Aflevering 21, gepubliceerd op 23-05-2019 geschreven door mr. E.D. Postema
Staatssecretaris Snel van Financiën heeft de Tweede Kamer antwoorden gestuurd op de vragen van de leden Lodders en Van den Bosch (beiden VVD) over het bericht ‘Vaststelling WOZ door gemeenten rammelt’. 17 gemeenten scoren een onvoldoende op het vaststellen van de WOZ. Gemeenten die een onvoldoende scoren worden onder verscherpt toezicht geplaatst en dienen binnen een bepaalde termijn afgesproken verbeteringen te realiseren.
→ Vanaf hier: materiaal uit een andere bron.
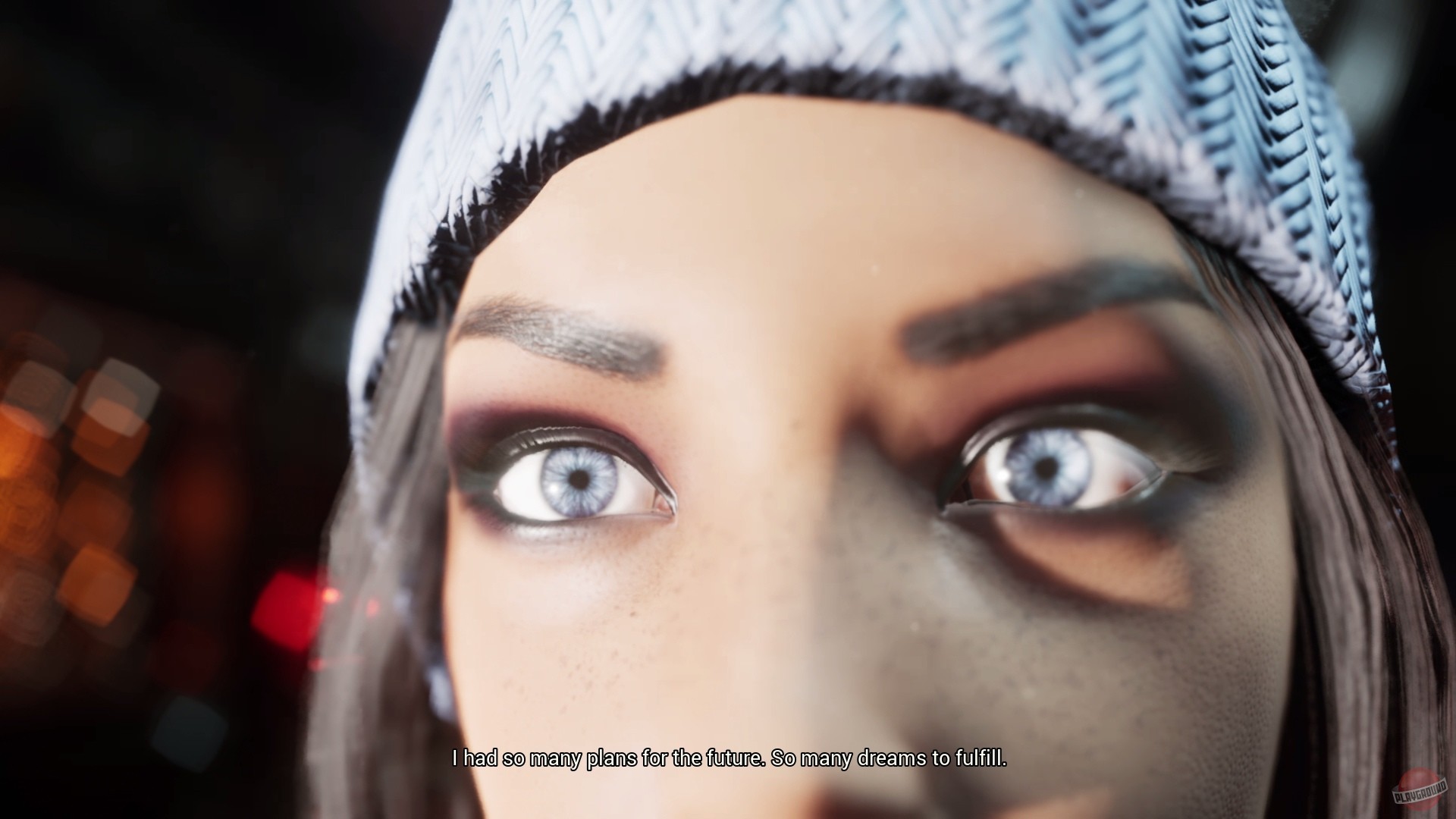 Скриншот из игры The Walking Evil - 31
De staatssecretaris spreekt van een verbetering omdat destijds bij de beantwoording van vorige Kamervragen op 9 november 2018 (Aanhangsel Handelingen II 2018/19, nr. 587) sprake was van 26 gemeenten die een onvoldoende scoorden met betrekking tot de uitvoering van de Wet WOZ.
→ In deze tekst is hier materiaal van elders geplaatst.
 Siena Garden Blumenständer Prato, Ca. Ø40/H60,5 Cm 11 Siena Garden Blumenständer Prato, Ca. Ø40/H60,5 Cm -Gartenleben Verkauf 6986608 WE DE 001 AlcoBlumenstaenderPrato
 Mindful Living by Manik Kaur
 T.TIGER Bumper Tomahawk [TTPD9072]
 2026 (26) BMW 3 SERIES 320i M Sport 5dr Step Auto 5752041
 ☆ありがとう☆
NTFR 2019/1306 - Beantwoording Kamervragen over de behandeling van informeelkapitaalstructuren in het vernieuwde rulingbeleid

Aflevering 21, gepubliceerd op 23-05-2019 geschreven door prof. dr. J. Vleggeert
Er zal geen vooroverleg worden gevoerd en derhalve geen ruling tot stand komen indien het besparen van Nederlandse of buitenlandse belasting de enige of doorslaggevende reden is voor een rechtshandeling. Indien tegenover een vrijstelling of neerwaartse aanpassing van de belastinggrondslag in Nederland geen corresponderende bijtelling in het buitenland staat, zal belastingbesparing het enige dan wel doorslaggevende motief zijn en zal in die gevallen dus geen ruling worden afgegeven. Aangezien de wet niet wijzigt, zullen informeelkapitaalsituaties echter niet verdwijnen. Op basis van het arm’s length-beginsel dienen gelieerde ondernemingen voor fiscale doeleinden onderling te handelen zoals onafhankelijke partijen onder vergelijkbare omstandigheden zouden doen. Dit kan ertoe leiden dat de fiscale winst opwaarts of neerwaarts moet worden bijgesteld. Met name dat laatste effect kan knellen en daarom is in de brief van 23 februari 2018 (Kamerstukken II, 2018-19, 32 140, nr. 50) aangegeven dat onderzocht gaat worden of het arm’s length-beginsel aanpassing behoeft.